The language of the above statutory provisions is quite clear and of easy construction. Any finding, determination, or order made or entered by said commission in a proceeding pending before it is appealable to the District Court of San Juan, within thirty days after the filing of the decision or modification of the order.

Who may appeal? It is plainly stated in the statute: “Any party to the proceedings” that might be affected by *573the order or decision of the Commission. The parties interested in the proceeding's instituted by the trustees of Eastern Sugar Associates to obtain a franchise for the use of water supply are, on the one side the above petitioners, and on the other side the People of Puerto Rico as the adverse party and as the owner of the public waters the use of which is involved herein. Section 4 of the Law of Waters (Comp. 1911, sec. 2390).

The decision rendered by the Commission on June 20, 1939, is appealable because the same finally concluded, as far as the Commission is concerned, the controversy between the parties. It is not true, as alleged in the certiorari petition, that in the decision of the Commission “there was only stated the franchise sought should be granted to the petitioners.” The decision or order appealed from goes further, because it is therein “decided and ordered to grant to petitioners a 25-year franchise,” which franchise would surely have been granted and submitted to the approval of the Governor if no appeal had been taken and a supersedeas decreed.
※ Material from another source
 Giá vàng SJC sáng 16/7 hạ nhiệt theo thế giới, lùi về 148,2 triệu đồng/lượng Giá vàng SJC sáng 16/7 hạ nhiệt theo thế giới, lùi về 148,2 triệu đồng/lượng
The People of Puerto Rico was not bound, as claimed by petitioners, to wait until the franchise had been submitted to the Governor for approval. The statute specifies a term within which to appeal which begins to run from the filing* or service of notice of the decision or order of the Commission and not from the time of the approval of the franchise by the Governor.
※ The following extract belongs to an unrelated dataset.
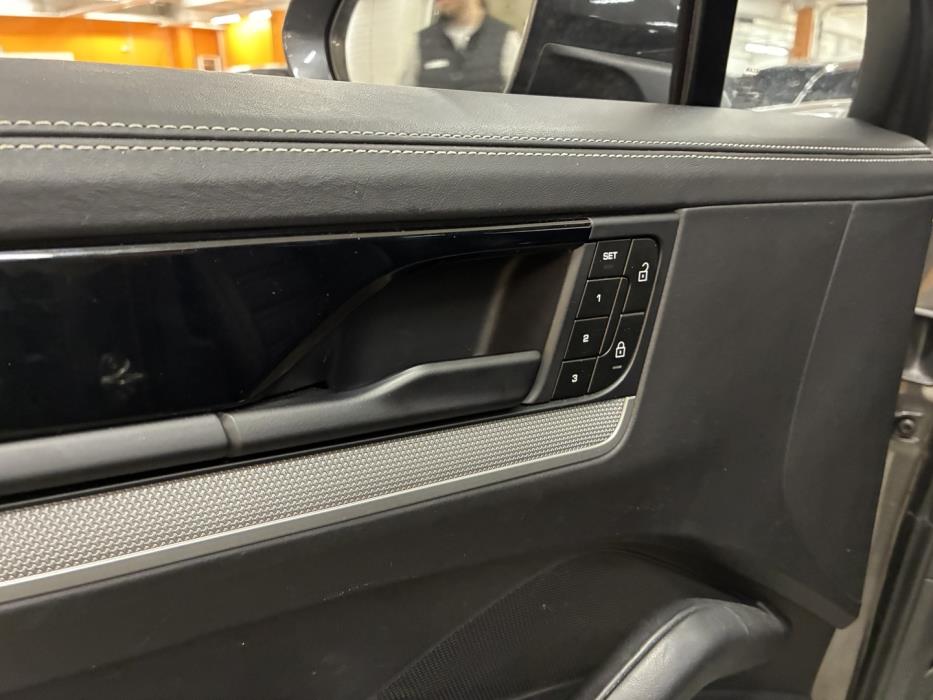 PORSCHE Cayenne 2024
The lengthy and able arguments of petitioners in support of the alleged unconstitutionality of the Public Service Act, in so far as the same grants the right of appeal from a decision granting a franchise, are without merits. The Legislature of Puerto Rico has wide powers to establish the procedure to be followed to obtain a franchise and to grant to any party, that might be injured by the granting thereof and who in due course sets up an opposition, an opportunity to appeal to a court of justice to review the proceedings had before the Commission. Any statute depriving a party *574injured by the granting of a franchise of his right to resort to the courts of justice would be unconstitutional as it would amount to deprive such party of his property without due process of law. By approving section 78 of the Public Service Act, supra, the Legislature only recognized such constitutional right to resort to the courts of justice and prescribed the procedure to he followed for the due process of law in the premises. Ex parte Young, 209 U.S. 123, 147; Missouri Pacific Ry. Co. v. Tucker, 230 U.S. 340, 347; Ohio Valley Water Co. v. Ben Avon Borough, 253 U.S. 287, 64 L.Ed. 908, 914; People of Puerto Rico v. Shell Co., 302 U.S. 253; People of Puerto Rico v. Rubert Hermanos, Inc., 309 U.S. 543; Commission v. Havemeyer, 296 U.S. 506; and South Porto Rico Sugar Co. v. Muñoz, 28 F. (2d) 820.
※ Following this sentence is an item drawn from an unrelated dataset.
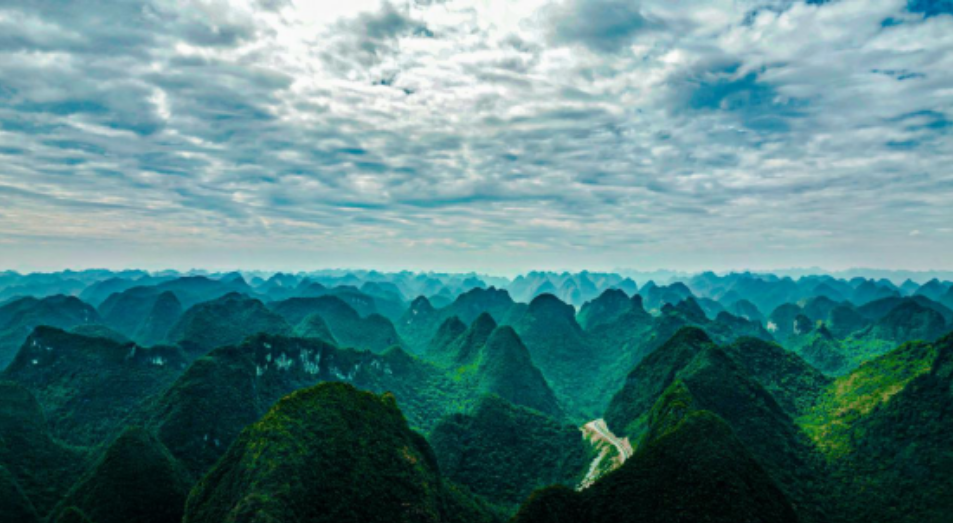 遍地“藍(lán)寶石”！廣西這里成為“五一”最受歡迎的小眾旅游目的地(圖37)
As The People of Puerto Rico is the adverse party and the appellant, it was not -error for the lower court to decree the supersedeas without the furnishing of bond. Section 356 of the Code of Civil Procedure (1933 ed.) provides that in any proceeding wherein the People of Puerto Rico is a party plaintiff or defendant no bond or security may be required to be furnished by the People.

For the foregoing reasons, the writ issued shall be quashed and the ease remanded to the court where the same originated for the hearing and determination of the appeal pending therein.